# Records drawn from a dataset
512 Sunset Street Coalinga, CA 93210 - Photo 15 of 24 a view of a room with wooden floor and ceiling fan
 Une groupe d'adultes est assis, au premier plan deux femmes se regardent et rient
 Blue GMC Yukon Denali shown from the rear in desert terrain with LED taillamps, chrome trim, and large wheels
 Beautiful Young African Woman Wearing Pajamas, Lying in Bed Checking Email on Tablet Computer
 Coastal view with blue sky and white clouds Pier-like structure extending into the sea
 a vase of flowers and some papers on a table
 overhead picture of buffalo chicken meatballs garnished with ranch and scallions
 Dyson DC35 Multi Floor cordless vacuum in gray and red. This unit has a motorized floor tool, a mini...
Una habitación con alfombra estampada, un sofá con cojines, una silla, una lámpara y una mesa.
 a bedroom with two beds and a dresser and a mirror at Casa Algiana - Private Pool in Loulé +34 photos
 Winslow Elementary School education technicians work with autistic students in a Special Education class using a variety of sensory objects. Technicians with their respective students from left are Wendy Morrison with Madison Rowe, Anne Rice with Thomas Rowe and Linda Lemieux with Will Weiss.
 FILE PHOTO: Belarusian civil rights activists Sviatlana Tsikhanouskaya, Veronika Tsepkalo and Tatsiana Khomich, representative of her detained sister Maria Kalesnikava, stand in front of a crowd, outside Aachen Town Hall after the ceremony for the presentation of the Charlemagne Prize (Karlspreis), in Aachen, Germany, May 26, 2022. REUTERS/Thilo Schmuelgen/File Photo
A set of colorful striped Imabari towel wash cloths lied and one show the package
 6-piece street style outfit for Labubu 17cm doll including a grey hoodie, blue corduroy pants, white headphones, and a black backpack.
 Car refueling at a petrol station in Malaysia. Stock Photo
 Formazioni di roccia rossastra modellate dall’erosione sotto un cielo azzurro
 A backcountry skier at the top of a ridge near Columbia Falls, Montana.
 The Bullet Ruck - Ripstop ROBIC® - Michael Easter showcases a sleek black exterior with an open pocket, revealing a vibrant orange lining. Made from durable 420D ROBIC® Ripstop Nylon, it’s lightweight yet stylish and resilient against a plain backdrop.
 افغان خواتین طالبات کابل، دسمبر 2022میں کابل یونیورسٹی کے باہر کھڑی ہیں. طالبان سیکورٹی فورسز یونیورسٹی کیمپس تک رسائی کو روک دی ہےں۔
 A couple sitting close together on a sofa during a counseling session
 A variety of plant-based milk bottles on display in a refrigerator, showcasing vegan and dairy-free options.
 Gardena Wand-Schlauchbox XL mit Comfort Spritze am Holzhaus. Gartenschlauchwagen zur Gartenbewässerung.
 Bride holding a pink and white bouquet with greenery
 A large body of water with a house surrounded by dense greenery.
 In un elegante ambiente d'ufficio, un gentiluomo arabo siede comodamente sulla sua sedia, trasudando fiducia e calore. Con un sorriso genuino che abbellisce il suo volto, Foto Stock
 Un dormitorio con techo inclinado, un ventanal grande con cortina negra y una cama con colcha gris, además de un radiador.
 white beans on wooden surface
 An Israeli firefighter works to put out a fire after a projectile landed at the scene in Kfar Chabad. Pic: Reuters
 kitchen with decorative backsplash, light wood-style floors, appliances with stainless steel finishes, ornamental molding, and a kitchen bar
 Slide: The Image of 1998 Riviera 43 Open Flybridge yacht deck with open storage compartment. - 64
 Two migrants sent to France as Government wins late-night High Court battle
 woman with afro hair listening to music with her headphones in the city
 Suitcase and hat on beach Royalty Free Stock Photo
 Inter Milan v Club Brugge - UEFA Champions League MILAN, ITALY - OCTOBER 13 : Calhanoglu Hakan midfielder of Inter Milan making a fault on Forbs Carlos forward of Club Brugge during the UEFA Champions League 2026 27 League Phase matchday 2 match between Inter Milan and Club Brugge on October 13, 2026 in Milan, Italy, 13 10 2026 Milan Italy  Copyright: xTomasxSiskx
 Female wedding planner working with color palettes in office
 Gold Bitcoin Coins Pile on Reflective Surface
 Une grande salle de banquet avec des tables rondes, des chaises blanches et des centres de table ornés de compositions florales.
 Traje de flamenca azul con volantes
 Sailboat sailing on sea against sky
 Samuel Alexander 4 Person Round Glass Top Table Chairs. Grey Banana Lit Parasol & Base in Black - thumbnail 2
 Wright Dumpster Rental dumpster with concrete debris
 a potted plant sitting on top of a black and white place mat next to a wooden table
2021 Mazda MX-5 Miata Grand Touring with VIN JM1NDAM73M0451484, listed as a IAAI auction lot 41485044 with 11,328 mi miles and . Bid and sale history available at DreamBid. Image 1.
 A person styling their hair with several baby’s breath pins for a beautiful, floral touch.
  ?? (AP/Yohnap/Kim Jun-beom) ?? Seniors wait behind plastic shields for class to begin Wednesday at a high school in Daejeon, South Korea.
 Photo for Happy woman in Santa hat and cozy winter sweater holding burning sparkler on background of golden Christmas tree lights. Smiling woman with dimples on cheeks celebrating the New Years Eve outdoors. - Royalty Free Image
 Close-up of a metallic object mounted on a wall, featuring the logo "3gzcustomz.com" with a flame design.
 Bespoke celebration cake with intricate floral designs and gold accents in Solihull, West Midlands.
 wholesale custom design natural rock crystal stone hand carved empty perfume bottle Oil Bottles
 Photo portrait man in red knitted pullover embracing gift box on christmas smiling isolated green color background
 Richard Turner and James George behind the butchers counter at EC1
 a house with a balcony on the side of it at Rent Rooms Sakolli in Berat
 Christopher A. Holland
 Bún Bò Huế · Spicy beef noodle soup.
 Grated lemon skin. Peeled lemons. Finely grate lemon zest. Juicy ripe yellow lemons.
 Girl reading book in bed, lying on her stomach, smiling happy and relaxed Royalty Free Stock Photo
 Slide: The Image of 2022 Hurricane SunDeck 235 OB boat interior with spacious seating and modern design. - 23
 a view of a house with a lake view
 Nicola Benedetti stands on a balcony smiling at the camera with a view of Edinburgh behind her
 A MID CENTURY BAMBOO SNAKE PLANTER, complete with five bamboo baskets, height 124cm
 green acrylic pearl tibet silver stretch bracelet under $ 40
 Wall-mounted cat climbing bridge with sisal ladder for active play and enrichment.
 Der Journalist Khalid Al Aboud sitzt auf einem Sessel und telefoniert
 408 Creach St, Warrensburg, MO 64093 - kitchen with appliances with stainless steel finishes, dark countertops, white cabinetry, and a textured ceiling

# Prompt
Search the data for "Wall-mounted cat climbing". Beginning with that line, set down every line through the last exactly.

# Solution
 Wall-mounted cat climbing bridge with sisal ladder for active play and enrichment.
 Der Journalist Khalid Al Aboud sitzt auf einem Sessel und telefoniert
 408 Creach St, Warrensburg, MO 64093 - kitchen with appliances with stainless steel finishes, dark countertops, white cabinetry, and a textured ceiling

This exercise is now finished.